### Work task
When a line in the listing below contains the word "Obras", return a copy of that line.

※

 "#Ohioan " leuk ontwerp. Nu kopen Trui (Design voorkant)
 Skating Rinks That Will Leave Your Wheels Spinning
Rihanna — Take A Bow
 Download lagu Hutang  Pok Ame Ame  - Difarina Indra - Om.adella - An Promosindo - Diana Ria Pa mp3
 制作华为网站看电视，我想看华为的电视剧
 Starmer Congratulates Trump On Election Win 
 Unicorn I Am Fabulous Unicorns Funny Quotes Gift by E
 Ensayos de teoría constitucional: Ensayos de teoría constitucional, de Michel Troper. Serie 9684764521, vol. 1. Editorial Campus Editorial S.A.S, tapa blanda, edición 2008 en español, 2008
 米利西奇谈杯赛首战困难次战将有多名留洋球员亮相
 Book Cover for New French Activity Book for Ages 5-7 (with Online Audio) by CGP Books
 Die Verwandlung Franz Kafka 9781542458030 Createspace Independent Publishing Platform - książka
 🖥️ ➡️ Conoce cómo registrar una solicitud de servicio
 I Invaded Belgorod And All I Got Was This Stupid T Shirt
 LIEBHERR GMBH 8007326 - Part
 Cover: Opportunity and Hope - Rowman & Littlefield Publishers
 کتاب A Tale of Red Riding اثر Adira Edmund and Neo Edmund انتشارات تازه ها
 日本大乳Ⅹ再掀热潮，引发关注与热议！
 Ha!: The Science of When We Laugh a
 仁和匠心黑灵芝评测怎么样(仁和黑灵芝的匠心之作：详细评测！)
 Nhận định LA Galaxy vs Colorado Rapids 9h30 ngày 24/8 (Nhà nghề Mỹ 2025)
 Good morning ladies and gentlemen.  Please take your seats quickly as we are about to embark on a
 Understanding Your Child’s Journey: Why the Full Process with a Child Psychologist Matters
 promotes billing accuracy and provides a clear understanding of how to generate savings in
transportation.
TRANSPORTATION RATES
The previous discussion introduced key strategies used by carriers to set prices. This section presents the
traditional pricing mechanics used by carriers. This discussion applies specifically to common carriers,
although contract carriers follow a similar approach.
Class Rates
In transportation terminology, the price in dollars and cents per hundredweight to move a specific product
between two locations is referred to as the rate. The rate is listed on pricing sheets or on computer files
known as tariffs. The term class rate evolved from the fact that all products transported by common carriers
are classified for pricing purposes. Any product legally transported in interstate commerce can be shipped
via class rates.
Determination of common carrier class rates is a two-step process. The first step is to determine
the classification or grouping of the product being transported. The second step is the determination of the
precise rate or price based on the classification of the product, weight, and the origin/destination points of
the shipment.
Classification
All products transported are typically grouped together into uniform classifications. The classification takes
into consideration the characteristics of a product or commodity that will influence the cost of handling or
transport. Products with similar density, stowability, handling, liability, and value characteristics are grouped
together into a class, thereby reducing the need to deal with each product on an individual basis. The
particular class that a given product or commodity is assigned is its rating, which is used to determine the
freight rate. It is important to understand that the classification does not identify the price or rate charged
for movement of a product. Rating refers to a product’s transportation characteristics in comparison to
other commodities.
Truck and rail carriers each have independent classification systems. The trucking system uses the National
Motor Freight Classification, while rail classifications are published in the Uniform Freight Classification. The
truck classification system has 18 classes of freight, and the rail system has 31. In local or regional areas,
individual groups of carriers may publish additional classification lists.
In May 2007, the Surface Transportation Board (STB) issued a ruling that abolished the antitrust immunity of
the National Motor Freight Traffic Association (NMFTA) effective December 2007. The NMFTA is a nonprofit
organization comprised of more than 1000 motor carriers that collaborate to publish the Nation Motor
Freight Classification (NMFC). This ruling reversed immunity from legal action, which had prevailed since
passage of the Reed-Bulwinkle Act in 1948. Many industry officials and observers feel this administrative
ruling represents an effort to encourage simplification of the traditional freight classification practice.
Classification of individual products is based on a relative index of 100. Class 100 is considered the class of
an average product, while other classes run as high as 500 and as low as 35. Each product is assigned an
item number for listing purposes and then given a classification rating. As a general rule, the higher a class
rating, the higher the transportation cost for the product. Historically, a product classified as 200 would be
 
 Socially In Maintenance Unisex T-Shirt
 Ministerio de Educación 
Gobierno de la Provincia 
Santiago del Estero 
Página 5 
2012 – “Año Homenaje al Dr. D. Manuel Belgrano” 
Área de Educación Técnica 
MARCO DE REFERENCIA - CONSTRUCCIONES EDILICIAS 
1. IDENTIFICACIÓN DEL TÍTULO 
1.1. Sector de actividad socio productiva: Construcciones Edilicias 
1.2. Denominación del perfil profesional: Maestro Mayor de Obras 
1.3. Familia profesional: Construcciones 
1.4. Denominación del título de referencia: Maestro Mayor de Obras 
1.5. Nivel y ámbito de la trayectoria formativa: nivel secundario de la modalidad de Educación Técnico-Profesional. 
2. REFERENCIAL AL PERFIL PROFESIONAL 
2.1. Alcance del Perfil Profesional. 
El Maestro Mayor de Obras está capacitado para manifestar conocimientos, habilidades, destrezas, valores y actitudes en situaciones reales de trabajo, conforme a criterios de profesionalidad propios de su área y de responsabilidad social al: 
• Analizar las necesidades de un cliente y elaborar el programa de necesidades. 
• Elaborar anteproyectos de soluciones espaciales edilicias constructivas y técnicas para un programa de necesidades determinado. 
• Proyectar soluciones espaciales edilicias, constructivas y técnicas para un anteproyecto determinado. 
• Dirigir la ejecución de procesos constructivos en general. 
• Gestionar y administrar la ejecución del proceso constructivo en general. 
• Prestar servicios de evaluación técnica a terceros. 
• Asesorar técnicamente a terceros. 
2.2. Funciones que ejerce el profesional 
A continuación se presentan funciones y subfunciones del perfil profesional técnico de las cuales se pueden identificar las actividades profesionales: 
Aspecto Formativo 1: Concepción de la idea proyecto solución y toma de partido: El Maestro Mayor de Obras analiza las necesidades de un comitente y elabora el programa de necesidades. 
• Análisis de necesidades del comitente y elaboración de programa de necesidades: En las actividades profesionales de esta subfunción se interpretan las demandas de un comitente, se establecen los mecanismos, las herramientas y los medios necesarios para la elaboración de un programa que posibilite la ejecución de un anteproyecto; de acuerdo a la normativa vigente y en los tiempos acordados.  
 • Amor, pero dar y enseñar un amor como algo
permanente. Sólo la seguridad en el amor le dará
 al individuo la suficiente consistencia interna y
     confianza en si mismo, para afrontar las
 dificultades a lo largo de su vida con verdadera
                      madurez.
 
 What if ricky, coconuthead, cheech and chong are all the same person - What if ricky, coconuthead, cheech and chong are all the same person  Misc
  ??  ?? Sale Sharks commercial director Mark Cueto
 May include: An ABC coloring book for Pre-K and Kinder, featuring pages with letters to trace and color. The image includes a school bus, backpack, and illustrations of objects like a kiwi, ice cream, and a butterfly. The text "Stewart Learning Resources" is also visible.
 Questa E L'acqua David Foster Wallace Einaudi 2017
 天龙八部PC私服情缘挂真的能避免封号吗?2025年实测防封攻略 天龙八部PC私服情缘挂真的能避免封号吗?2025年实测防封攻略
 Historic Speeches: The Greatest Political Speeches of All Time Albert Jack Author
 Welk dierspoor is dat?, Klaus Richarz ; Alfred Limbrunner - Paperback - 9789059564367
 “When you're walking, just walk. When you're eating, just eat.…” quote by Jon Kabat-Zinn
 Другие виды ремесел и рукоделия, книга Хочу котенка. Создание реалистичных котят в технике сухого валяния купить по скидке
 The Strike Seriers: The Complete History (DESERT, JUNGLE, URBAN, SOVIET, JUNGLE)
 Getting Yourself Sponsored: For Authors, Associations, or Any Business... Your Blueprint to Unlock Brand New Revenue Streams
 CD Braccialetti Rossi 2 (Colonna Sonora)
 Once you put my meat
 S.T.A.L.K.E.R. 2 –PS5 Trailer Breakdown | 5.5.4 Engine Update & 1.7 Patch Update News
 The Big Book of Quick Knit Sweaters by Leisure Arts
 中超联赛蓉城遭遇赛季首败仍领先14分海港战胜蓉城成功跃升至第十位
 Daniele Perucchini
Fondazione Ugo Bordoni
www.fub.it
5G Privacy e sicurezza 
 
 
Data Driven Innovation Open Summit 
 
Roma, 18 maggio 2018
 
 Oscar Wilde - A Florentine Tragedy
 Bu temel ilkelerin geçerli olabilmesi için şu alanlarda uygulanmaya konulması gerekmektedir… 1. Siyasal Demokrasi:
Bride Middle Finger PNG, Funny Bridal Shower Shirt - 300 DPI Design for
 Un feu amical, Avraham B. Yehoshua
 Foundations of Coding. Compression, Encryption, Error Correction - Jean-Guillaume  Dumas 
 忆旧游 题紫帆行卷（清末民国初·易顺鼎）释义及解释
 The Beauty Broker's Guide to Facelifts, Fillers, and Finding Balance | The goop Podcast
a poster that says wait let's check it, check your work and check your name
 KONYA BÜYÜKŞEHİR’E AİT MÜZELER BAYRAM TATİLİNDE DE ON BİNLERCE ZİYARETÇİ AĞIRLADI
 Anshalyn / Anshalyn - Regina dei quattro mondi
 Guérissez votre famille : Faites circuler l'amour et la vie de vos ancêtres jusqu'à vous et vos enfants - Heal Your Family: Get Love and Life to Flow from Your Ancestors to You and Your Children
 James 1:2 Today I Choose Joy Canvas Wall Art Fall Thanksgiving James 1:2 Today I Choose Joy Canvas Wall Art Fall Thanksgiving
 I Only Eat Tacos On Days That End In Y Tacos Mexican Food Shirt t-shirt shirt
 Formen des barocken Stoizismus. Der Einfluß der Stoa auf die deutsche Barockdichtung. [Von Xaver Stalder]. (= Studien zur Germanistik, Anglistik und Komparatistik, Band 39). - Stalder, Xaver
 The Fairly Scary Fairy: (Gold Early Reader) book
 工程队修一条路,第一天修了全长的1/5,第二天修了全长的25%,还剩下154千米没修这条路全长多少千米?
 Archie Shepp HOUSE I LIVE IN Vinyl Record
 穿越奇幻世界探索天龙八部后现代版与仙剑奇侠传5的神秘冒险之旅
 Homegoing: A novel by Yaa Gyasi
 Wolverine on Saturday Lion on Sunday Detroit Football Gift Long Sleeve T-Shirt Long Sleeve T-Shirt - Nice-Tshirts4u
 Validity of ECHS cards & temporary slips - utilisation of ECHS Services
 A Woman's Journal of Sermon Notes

※

### Output
1.2. Denominación del perfil profesional: Maestro Mayor de Obras 
1.4. Denominación del título de referencia: Maestro Mayor de Obras 
El Maestro Mayor de Obras está capacitado para manifestar conocimientos, habilidades, destrezas, valores y actitudes en situaciones reales de trabajo, conforme a criterios de profesionalidad propios de su área y de responsabilidad social al: 
Aspecto Formativo 1: Concepción de la idea proyecto solución y toma de partido: El Maestro Mayor de Obras analiza las necesidades de un comitente y elabora el programa de necesidades. 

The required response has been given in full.